One of the things that I go by when picking up a new gun is does the manufacturer have a good reputation? Walther is a name with a sterling reputation among shooters including me and having shot two other Walther pistols (a P-38 in 9mm, and a PP in 32 ACP) I was expecting to sail through the function-firng session with flying colors.

The pistol proved unreliable, with scarcely a magazine full that didn't have a stoppage, or two.

All-in-all, I was disappointed in this pistol, but it could just be that it is new and needs to be worn in. Or possibly this particular gun does not like Winchester ammo. When it comes to ammo, I understand that 22 pistols are very finicky, so I'll experiment with various types and brands of rimfire ammunition. It is a good-looking pistol, and it is German-made, with a nice nickel finish, but the reliability issue has me somewhat concerned.

When it functioned properly, the pistol was great fun to shoot, and once this reliability issue is taken care of it will likely be one of my favorite plinkers. But that is job one: improving the reliability. Without that, the pistol is nothing, no matter whose name is on it.

This was reported some time back on another forum.



Here is a picture of the gun from the Walther site.

It seems that the feeding problems were taken care of by a gunsmith near me, and now the gun is a joy to shoot.  They were fixed, the smith said by deburring the frame and slide, and also by the breaking-in process.  Since the 22  ammo shortage has ended, I am now able to shoot it regularly, and after deburring, it is a joy to shoot.

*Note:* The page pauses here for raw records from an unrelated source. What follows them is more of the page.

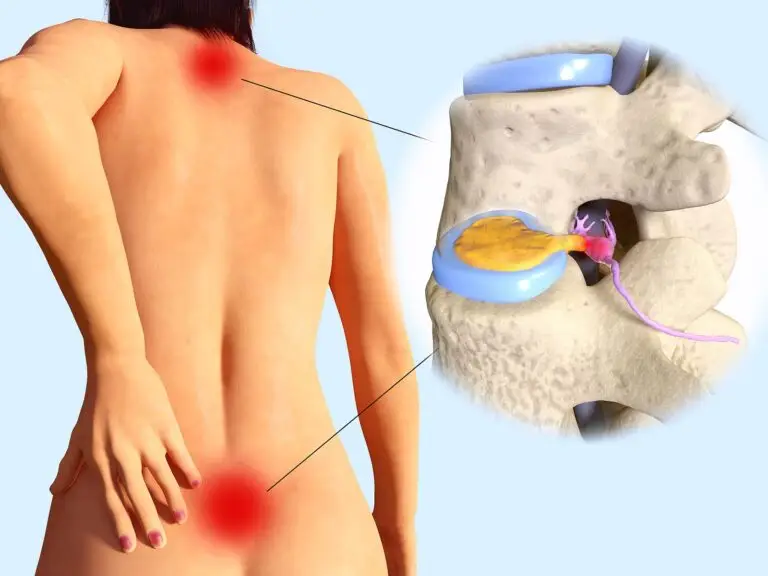 rear view of woman's torso holding back with left hand showing areas of inflammation in the upper and lower back indicated by red areas and also a side vew of 2 vertebrae showing a sisc protrusion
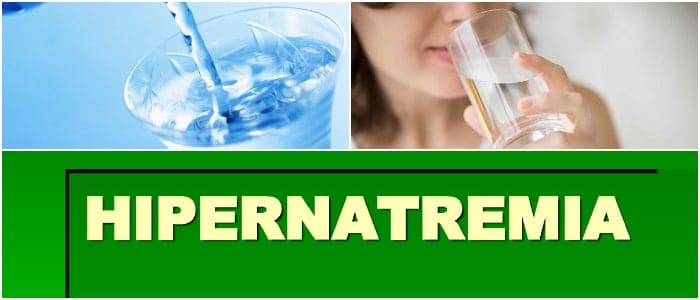 hipernatremia bases medicina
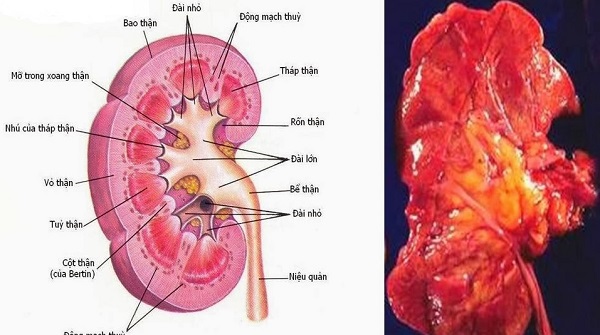 Bài thuốc hỗ trợ trị viêm cầu thận cấp - Ảnh 1.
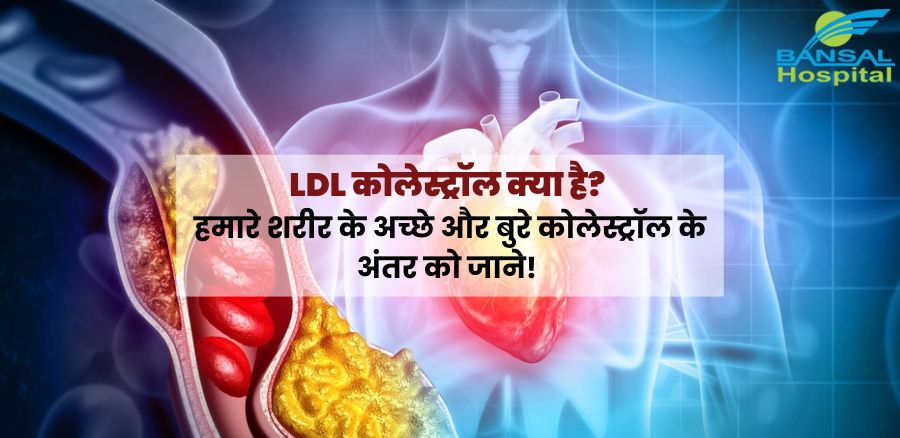 LDL कोलेस्ट्रॉल की जांच और निदान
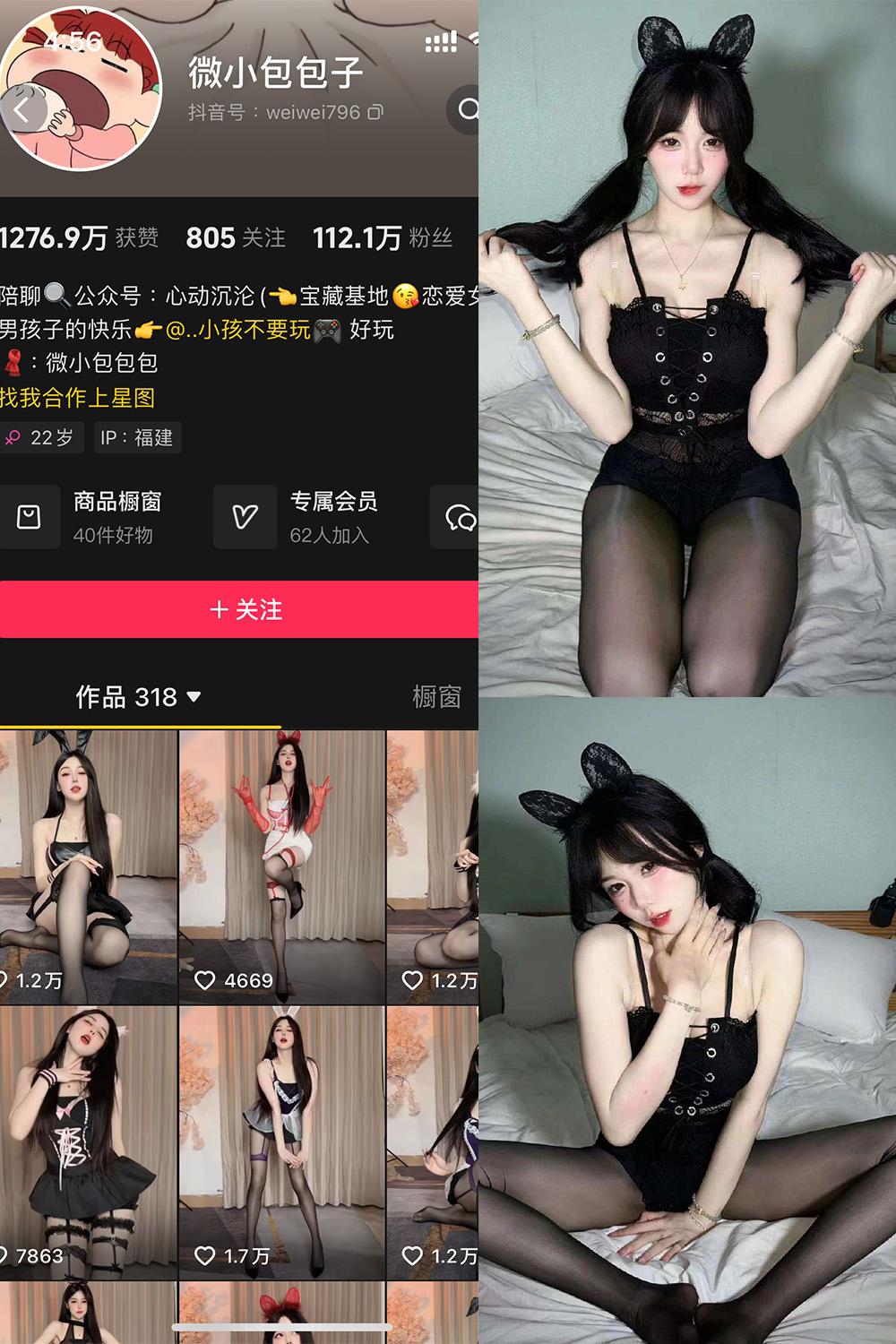 抖音 微小包包子 微密圈 NO.001期 【51P3V】资源在线观看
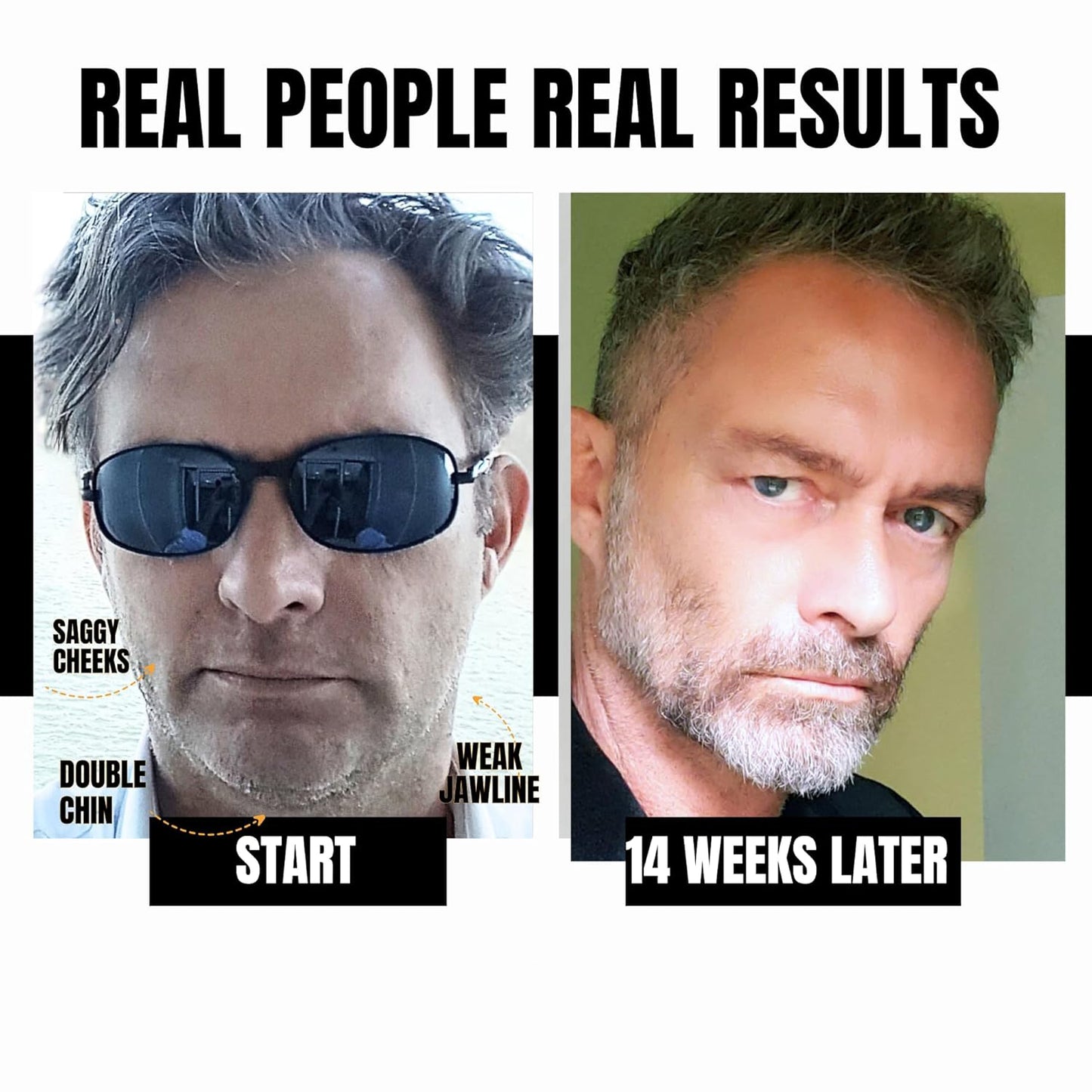 Face Sculpting Gym Kit – 4 Tools for a Complete Facial Workout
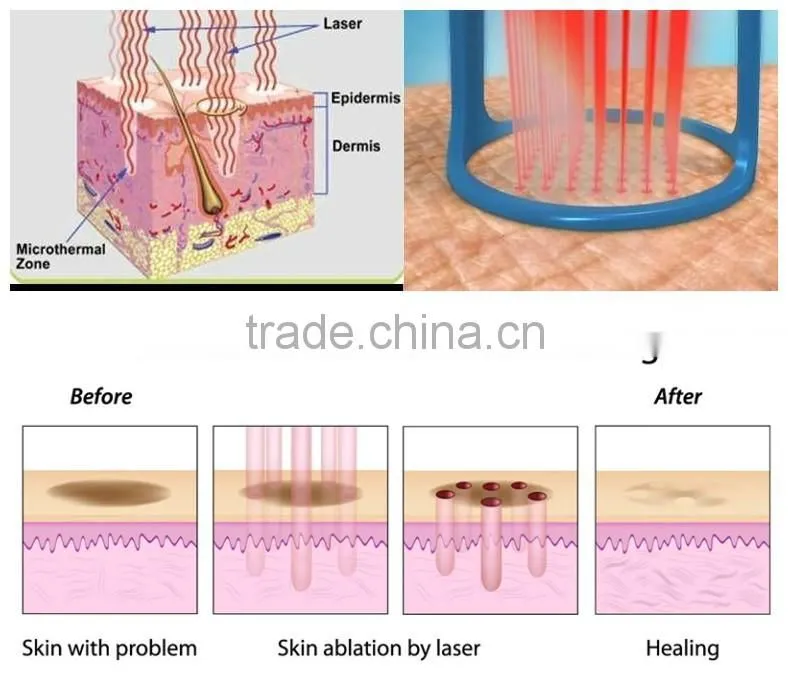laser facial rejuvenation machine / stretch mark removal beauty machine / multifunction facial beauty machine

I have over 500 rounds through it, and there have been very few problems.  One was probably when I did not hold it firmly enough and the slide malfunctioned.  Blowback (recoil-operated) pistols have to have resistence in order to function correctly, otherwise the frame moves back with the slide, and the case fails to eject.  A couple of others have been failures to fire (relatively common in rimfire rounds) but another hammer strike was all it took.

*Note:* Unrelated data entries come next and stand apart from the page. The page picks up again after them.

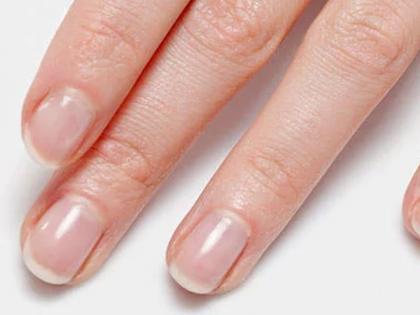 Nails tell about your overall health | तुमच्या नखांमधील बदल सांगतात तुमच्या आरोग्याबाबत हे संकेत!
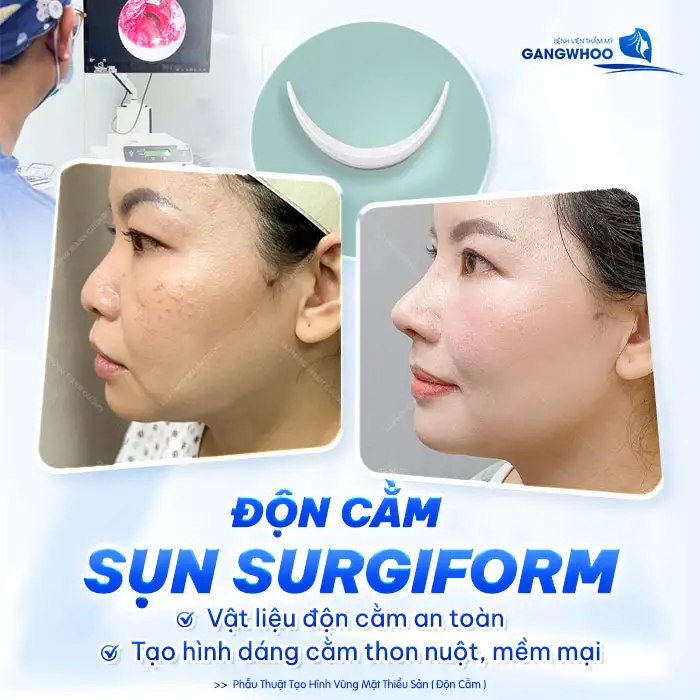 Độn Cằm Surgiform: Giải Pháp Tối Ưu Cho Gương Mặt V-line Hoàn Hảo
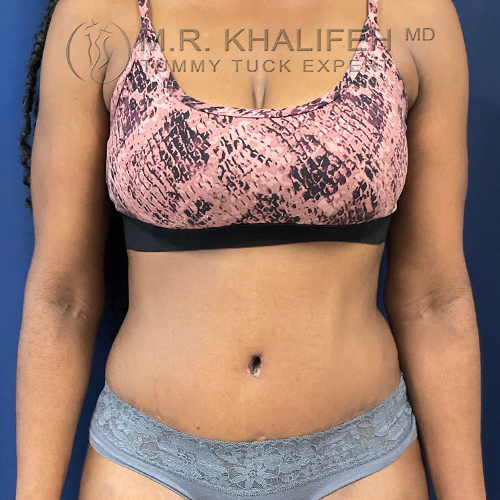 1631131305 1 after.jpg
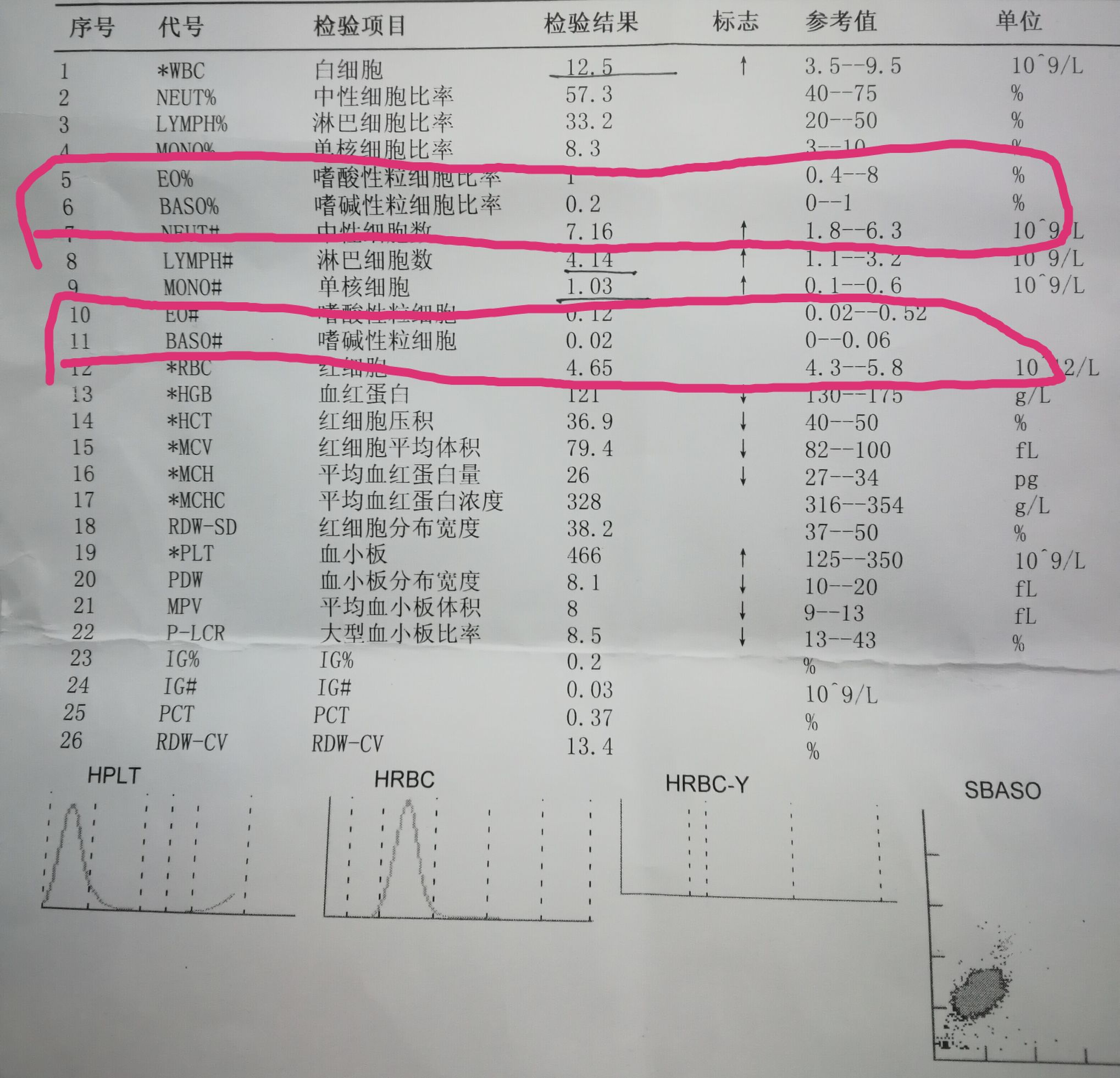 一分钟看懂化验单,化验单能看出肝功能不正常吗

So, I think that the reliablity issue has been resolved, and now that I can depend on it going 'bang' reliably, it is a great little plinker. 

As for carrying it, there are a few things in favor of that idea.   Ten rounds, plus one up the spout, very accurate, and also very low recoil, and inexpensive ammo to boot, so a lot of practice can be had for relatively low cost.  Thoise are the plusses.  Overriding these very major advantages, is an almost total lack of stopping power.  Against (speaking rhetorically here) mice, rats, squirrels, it is good, but not as a self-defense cartridge against humans unless shots are placed very precisely or you just pour rounds into your adversary.

This said, it is better than nothing, and on those occasions when a bigger gun is notv prectical, it is oine option to consider.  When I see my healthcare provider, I have carried the PPK/s in a pants pocket and left it in my auto when I saw her.  Much easier than taking a belt holster off and replacing it when I'm done.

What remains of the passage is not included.